Several people were lined up for surgery on the plane. Other operations will be held at Jose B. Lingad Memorial Regional Hospital (JBLMRH) in the Pampanga capital of San Fernando, said Dr. Yolanda Lee, JBLMRH chief.

“Our partnership signified intelligent and significant response,” Lee said.

“I wish the Orbis plane would park yearly at Clark so that your noble undertaking could always reach the Filipino people,” said Victor Jose Luciano, president of the Clark International Airport Corp.

Since 1982, Orbis has provided treatment to more than 1,000 Filipinos who are blind and who have poor vision, Gomaa said, adding that it has also trained over 1,000 eye-care specialists.

The training aims to improve the capabilities of eye doctors in providing proper, affordable and accessible care, he said.

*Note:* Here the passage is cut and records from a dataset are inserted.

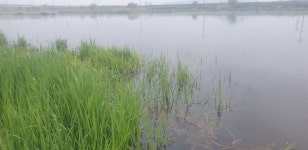 민물수영 민물낚시 노지조행기 > 가면서 오면서 들리는 충주 수로 (참새 방 앗 간) : 낚시사랑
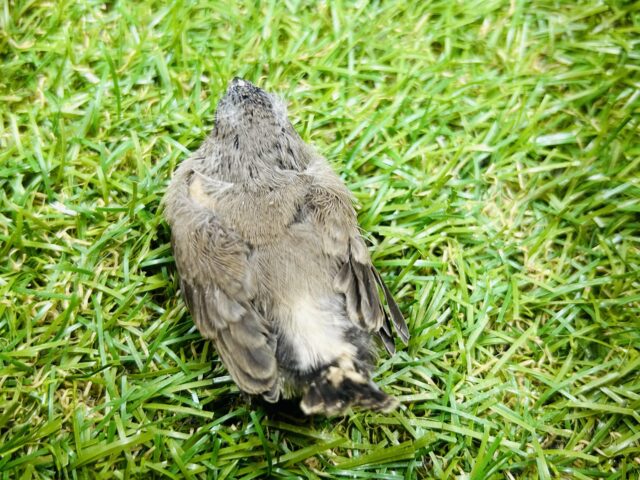 錦花鳥（キンカチョウ）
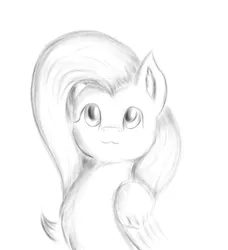 Size: 2121x2324 | Tagged: safe, artist:qbellas, derpibooru import, fluttershy, pegasus, pony, bust, female, mare, monochrome, solo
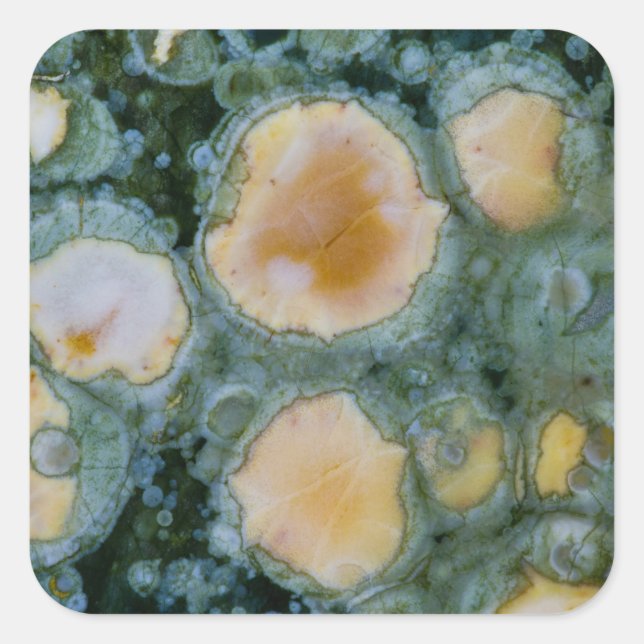 Spotted Ocean Jasper Square Sticker (Front)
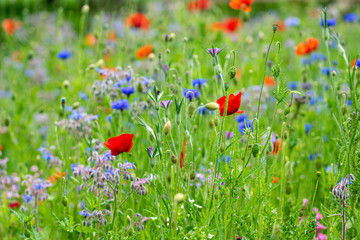 A meadow of wild flowers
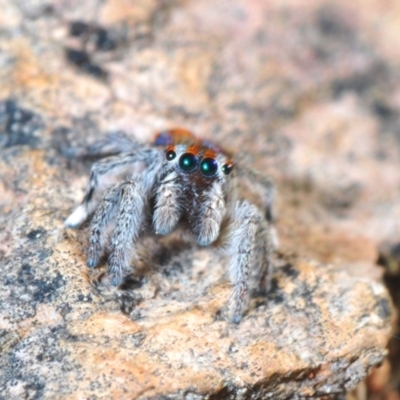 Maratus calcitrans (Kicking peacock spider) at Bruce Ridge to Gossan Hill - 15 Sep 2021 by Harrisi
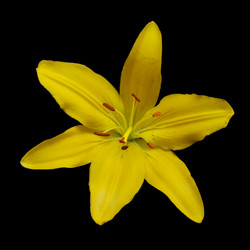 Similar image 590584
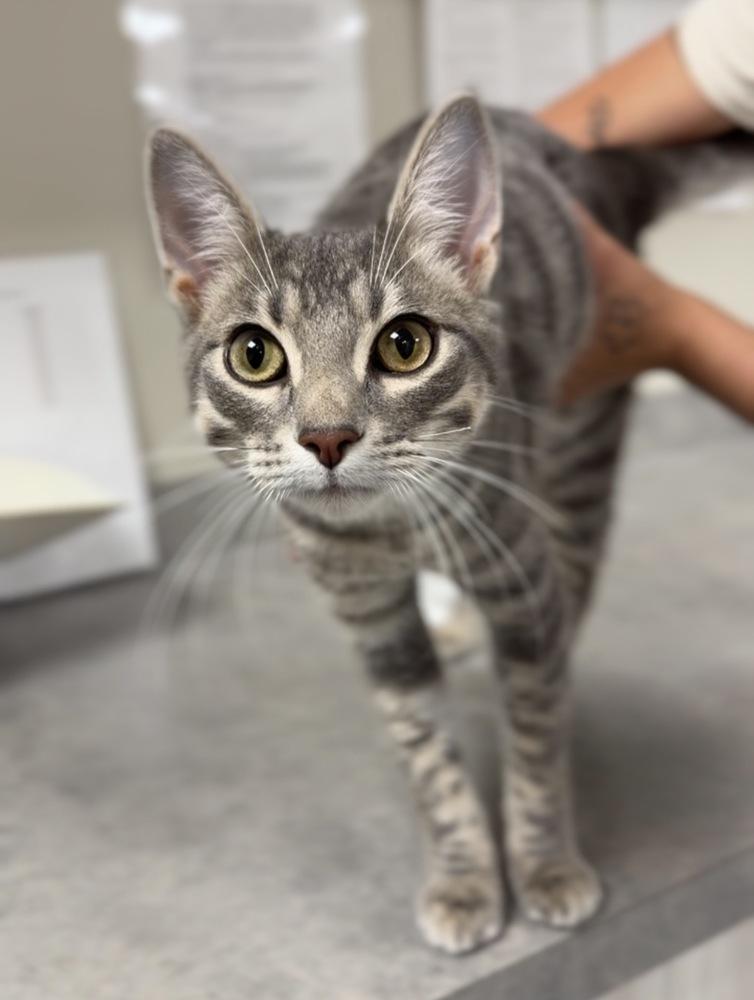 Enlarge Bean, a Adoptable mixed breed in Bemidji, MN image 3/3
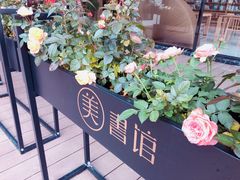 -瑶湖郊野森林公园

Dr. Manuel Agulto, founding organizer of Central Luzon Society of Ophthalmologists and chancellor of the University of the Philippines Manila, said more eye doctors were needed in the Philippines.

There is one eye doctor for every 50,000 patients in the country, Agulto said. The ideal eye doctor-to-patient ratio is 1:10,000, he said.

“The problem is [uneven distribution]. More doctors are in urban areas than in rural areas,” he said.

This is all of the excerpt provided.